Exercise objective: Check each line of the entries below for the word "Villa", and copy out the ones that have it.

(Web page caption snippets)
★ ★ ★ ★

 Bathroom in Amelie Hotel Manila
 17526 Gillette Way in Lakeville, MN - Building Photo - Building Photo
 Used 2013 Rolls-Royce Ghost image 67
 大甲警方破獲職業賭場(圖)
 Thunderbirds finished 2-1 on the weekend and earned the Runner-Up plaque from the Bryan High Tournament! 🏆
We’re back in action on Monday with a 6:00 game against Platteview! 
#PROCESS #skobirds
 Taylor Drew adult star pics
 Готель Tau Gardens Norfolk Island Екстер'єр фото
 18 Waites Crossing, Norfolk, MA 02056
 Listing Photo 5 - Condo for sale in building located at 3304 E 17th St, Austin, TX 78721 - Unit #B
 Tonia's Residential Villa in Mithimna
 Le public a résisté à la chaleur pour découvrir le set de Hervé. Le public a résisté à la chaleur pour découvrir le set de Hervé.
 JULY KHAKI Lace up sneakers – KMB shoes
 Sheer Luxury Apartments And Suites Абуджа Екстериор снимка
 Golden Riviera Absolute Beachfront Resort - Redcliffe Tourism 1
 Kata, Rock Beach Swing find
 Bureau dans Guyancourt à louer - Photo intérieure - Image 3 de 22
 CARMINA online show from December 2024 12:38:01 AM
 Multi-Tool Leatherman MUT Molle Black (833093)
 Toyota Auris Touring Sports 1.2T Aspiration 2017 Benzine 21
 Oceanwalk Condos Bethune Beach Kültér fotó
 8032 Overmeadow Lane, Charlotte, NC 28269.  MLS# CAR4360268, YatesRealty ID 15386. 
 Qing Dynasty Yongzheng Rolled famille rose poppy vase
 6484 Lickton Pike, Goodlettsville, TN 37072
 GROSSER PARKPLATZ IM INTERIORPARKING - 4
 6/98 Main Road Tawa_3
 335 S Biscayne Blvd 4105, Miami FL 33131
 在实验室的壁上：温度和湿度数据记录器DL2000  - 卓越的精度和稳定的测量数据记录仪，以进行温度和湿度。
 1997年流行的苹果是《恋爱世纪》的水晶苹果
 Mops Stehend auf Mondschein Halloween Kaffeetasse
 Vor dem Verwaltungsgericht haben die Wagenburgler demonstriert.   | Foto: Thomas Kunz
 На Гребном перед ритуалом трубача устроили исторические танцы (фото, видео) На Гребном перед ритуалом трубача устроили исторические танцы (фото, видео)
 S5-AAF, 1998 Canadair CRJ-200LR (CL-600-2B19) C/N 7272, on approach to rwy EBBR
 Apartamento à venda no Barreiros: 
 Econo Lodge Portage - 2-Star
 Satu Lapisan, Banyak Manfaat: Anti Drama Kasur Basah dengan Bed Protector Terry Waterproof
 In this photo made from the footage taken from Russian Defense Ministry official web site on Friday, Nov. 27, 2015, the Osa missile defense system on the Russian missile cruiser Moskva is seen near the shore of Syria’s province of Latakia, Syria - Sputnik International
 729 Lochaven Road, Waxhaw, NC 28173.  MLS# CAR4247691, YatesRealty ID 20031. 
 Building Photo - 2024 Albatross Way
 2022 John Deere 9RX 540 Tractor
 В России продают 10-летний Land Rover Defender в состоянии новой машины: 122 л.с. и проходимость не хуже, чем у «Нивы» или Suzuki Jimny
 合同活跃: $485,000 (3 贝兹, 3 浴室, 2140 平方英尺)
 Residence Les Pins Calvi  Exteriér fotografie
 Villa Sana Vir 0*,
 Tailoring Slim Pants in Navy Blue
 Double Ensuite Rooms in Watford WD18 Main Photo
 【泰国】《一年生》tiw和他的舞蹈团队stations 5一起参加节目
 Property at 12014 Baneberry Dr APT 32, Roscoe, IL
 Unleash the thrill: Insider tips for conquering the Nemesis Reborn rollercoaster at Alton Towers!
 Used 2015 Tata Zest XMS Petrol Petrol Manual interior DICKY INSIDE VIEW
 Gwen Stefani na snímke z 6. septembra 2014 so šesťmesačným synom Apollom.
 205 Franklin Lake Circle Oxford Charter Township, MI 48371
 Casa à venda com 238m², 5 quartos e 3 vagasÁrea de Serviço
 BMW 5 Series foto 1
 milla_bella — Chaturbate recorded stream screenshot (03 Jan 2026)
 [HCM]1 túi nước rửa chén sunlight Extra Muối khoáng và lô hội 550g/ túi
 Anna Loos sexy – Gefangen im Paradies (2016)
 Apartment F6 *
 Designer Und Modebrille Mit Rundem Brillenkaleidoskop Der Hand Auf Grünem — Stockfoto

★ ★ ★ ★

Answer to this exercise:
 Tonia's Residential Villa in Mithimna
 Villa Sana Vir 0*,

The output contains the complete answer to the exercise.